In our months long romp through the SDSR the readers and authors at Think Defence have covered a lot of ground and as we enter the final build up phase, maybe we should go back to the beginning and re-examine aspects of strategy that should inform the outcome.
Before I wade in I would like to simply say thank you to all the readers of Think Defence and those that have also commented. The comments have been supremely well informed, very well mannered and have added massive value to the site. Of all the defence blogs out there I haven’t seen any that can manage regularly over 50 comments and in a few posts, over 100, bloody smashing!
One of the accusations levelled at this blog is the lack of posts about the strategic environment and a concentration on equipment issues. Whilst it is true that equipment and tactics should never drive strategy it is equally true that in the real world it does, who can say Typhoon, COIN or CVF have not been dictating the headlines?

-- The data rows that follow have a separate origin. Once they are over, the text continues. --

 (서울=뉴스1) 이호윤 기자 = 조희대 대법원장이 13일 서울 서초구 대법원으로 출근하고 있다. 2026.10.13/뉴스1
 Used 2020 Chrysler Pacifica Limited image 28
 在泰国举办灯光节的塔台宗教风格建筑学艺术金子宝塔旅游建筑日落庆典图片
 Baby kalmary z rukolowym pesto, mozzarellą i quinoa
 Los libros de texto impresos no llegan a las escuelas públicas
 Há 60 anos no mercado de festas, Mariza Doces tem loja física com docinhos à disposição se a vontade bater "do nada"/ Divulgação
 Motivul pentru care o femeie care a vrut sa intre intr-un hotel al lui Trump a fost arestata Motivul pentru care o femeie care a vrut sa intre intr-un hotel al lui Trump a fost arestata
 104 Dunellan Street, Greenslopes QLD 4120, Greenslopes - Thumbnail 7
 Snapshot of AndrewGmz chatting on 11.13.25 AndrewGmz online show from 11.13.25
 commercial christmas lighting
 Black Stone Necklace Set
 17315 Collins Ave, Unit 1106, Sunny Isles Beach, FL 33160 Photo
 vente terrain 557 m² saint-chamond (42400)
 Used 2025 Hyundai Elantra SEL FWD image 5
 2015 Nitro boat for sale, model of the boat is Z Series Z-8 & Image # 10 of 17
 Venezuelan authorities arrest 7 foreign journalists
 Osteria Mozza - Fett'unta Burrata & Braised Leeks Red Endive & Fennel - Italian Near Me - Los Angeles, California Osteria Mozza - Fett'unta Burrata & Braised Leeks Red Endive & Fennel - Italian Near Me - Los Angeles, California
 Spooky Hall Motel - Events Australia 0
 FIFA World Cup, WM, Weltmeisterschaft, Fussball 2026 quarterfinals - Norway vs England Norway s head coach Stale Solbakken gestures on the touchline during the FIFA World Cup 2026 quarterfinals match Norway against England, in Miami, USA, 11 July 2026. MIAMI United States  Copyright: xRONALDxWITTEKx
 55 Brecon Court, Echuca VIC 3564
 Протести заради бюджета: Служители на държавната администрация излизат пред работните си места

The battle between the COIN and Maritime approach has been at the core of headlines and discussion about the SDSR, whether from august institutions like Chatham House and RUSI or less august environs like the blogosphere. If we dig even further it is obvious that the bitter and frankly shameful inter service politics, revolves not around strategy or even tactics, but equipment.
Probably the most illustrative aspect of this reality is CVF, the amount of letters to the editor, blog posts, comments, papers, conferences, interventions from ministers, energy and hopes expended on a mere piece of equipment tells me that there is no strategy, except the preservation of prestige and shiny new toys.
Once more we are letting equipment, industrial and political issues drive the strategic agenda, when will we ever learn?
Instead of seeing constant headlines about the dire impact of not proceeding with CVF it would have been nice if there was more discussion on the strategy that might ultimately derive the need for such a piece of equipment.
Don’t think I am picking on CVF because there are other equipments in the same frame but no doubt, CVF has taken on a mystic aura for detractors and supporters alike.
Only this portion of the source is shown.